Why Should Kids Learn to Program?
The very act of learning to program is a worthwhile discipline. Children especially benefit from the repeated experience of taking an idea and producing a finished program. It requires and refines many desirable skills. The idea phase requires planning and creativity. The implementation phase requires understanding the programming language, the logical piece-by-piece assembly of the code, and the methodical and analytical debugging of the program.
As you develop your skills, programming continues to stretch you. There’s always another idea or project you can pursue. And like most learned skills, the earlier you start the better. But making programming engaging and satisfying for young minds isn’t as easy as simply plonking them in front of an editor.

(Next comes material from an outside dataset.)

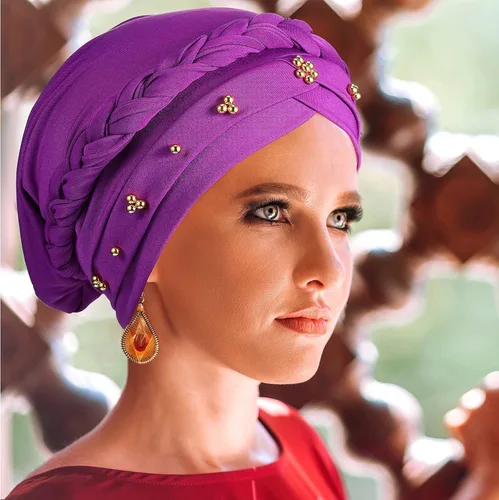 Vista 7 de 6 Pieces African Women Turban Cap Headscarf Beanie Twisted Braid Wrap Headwrap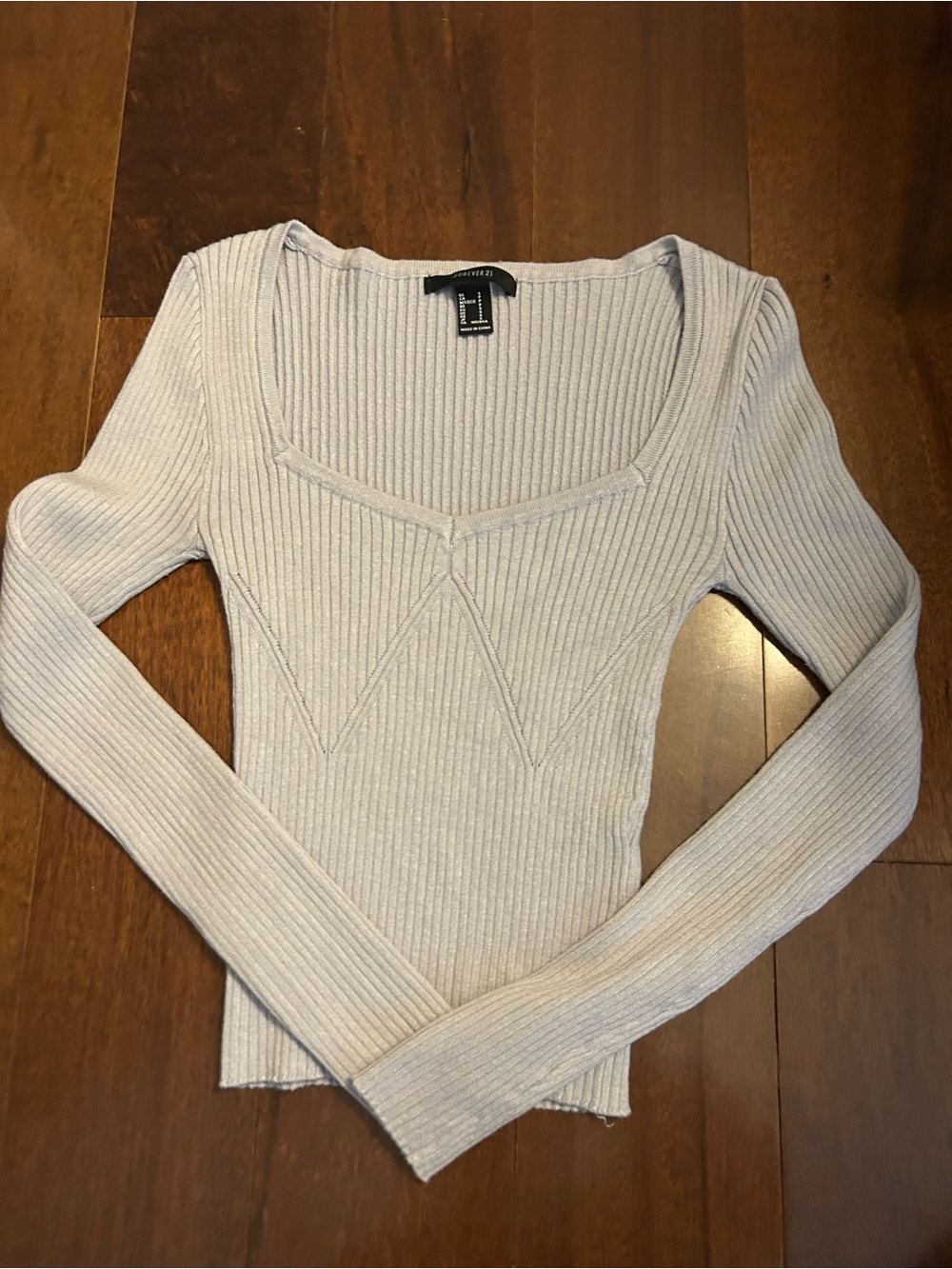 Forever 21 Women’s S Violet Minimal Ribbed Long Sleeve Stretchy Blouse Top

To capture the imagination of young children you need to make things fun. Whatever it is, it has to look like an endeavor they want to be involved in. Scratch is a perfect solution for this. It’s a very high-level programming language, so getting things done quickly is easy. It’s mostly drag-and-drop, so there’s little chance of a typo causing a meltdown.
Registering a Scratch Account
Scratch is a platform for creating programs and also for sharing them. To get started, visit the Scratch online platform and register for a new account. Registering allows you to store your projects online and return to them later. Looking through other programmers’ code is a great way to learn as well.
Scratch lets registered users share their projects, so by registering you’re getting access to all of the shared projects on the platform. There are more than 82 million projects shared by over 74 million users, making it a valuable reference resource.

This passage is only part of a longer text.